Mirrors won't download new LFS files
Summary
This is a rather specific bug introduced by !41770 (merged) and #214211 (closed)
The lack of handling of the following error causes no new LFS downloads to occur after the first import of the pull mirror repository:
{"severity":"ERROR","time":"2021-05-19T07:53:08.653Z","correlation_id":"01F61STA29DWG7RS7XBXCE2RX4","user_id":1,"project_id":33,"import_url":"https://:*****@gitlab.com/hchouraria/lfs-test3.git","error_message":"Validation failed: Lfs object already exists in repository"}
Steps to reproduce
- Create a git repository anywhere outside your GitLab instance
- For example, on GitHub, or on a different GitLab instance (such as GitLab.com if using Self-Managed, or vice-versa)
- Push some initial LFS files to the repository, with a file size above 1.0 MiB
git lfs track *.big
git add .gitattributes
git commit -m "add lfs tracking entry"
# Creates a 1.1 MiB file
dd if=/dev/random of=file1.big bs=1024 count=1100
git add file1.big
git commit -m "add file1 to lfs"
git push origin main
-
Setup a mirroring of this repository in your GitLab.com or SM GitLab instance.
- Choose new project, "Run CI/CD for external repository" to do this.
- You can use either GitHub integration, or Repo by URL, the source does not matter.
-
Wait for the initial import to complete.
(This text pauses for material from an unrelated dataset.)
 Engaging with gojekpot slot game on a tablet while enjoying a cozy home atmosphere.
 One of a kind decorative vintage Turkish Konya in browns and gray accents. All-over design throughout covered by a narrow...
Try to download the LFS
file1.bigfile from repo UI. It works/downloads/carries data. -
Now go back to the external source repo. Add another LFS file and push. File size does not matter now.
# Creates a 10 MiB file
dd if=/dev/random of=file2.big bs=1024 count=10000
git add file2.big
git commit -m "add file2 to lfs"
git push origin main
-
Wait for the mirror repo to complete fetching the new changes
-
Observe that the following error appears in the
update_mirror_service_json.log:
{"severity":"ERROR","time":"2021-05-19T07:53:08.653Z","correlation_id":"01F61STA29DWG7RS7XBXCE2RX4","user_id":1,"project_id":33,"import_url":"https://:*****@gitlab.com/group/project.git","error_message":"Validation failed: Lfs object already exists in repository"}
-
Observe that the repo UI now shows the
file2.bigfile, but if you attempt to download it, it fails with a 404. -
Repeat the steps above to add as many new regular or LFS files, and observe that none of the new LFS files' actual data are being downloaded automatically anymore
-
Only the first LFS file, present during initial import, is present/downloadable
Example Project
File file12.big on https://gitlab.com/gitlab-gold/hchouraria/lfs-downloads-fail
404: https://gitlab.com/gitlab-gold/hchouraria/lfs-downloads-fail/-/raw/main/file12.big
What is the current bug behavior?
No new LFS files added to source repo are downloaded by the mirror automatically New LFS files in the repo do not download in CI/CD, and return 404 on the UIs when downloaded
What is the expected correct behavior?
All new LFS files added to source repo must be downloaded by the mirror automatically New LFS files in the repo must be available to CI/CD and downloads on the UIs
Relevant logs and/or screenshots
{"severity":"ERROR","time":"2021-05-19T07:53:08.653Z","correlation_id":"01F61STA29DWG7RS7XBXCE2RX4","user_id":1,"project_id":33,"import_url":"https://:*****@gitlab.com/group/project.git","error_message":"Validation failed: Lfs object already exists in repository"}
Output of checks
This bug happens on GitLab.com
Possible fixes
The issue is in file app/services/projects/lfs_pointers/lfs_download_service.rb on line:
return link_existing_lfs_object! if lfs_size > LARGE_FILE_SIZE && lfs_object
- When the LFS object list is retrieved, all the existing OIDs are part of the list.
- We try to perform a
link_existing_lfs_object!for one such pre-existing file. - But this fails with the object validation error, because a record for an
LfsObjectsProjectmodel already exists - The exception thrown breaks the entire download loop and aborts
- No file beyond the first (repeated) OID is processed
- No new LFS files end up being truly downloaded
The only workarounds I can think of are rather impractical:
- Setup the mirror when there are no pre-existing LFS files in the source repo (or)
- Ensure no pre-existing LFS file is above 1 MiB ever (even in history of the repo)
This bug effectively breaks use of LFS with mirroring options (using GitLab as the CI/CD endpoint for external repos being the use-case) so it is pretty severe for those that already have been using LFS on their source systems.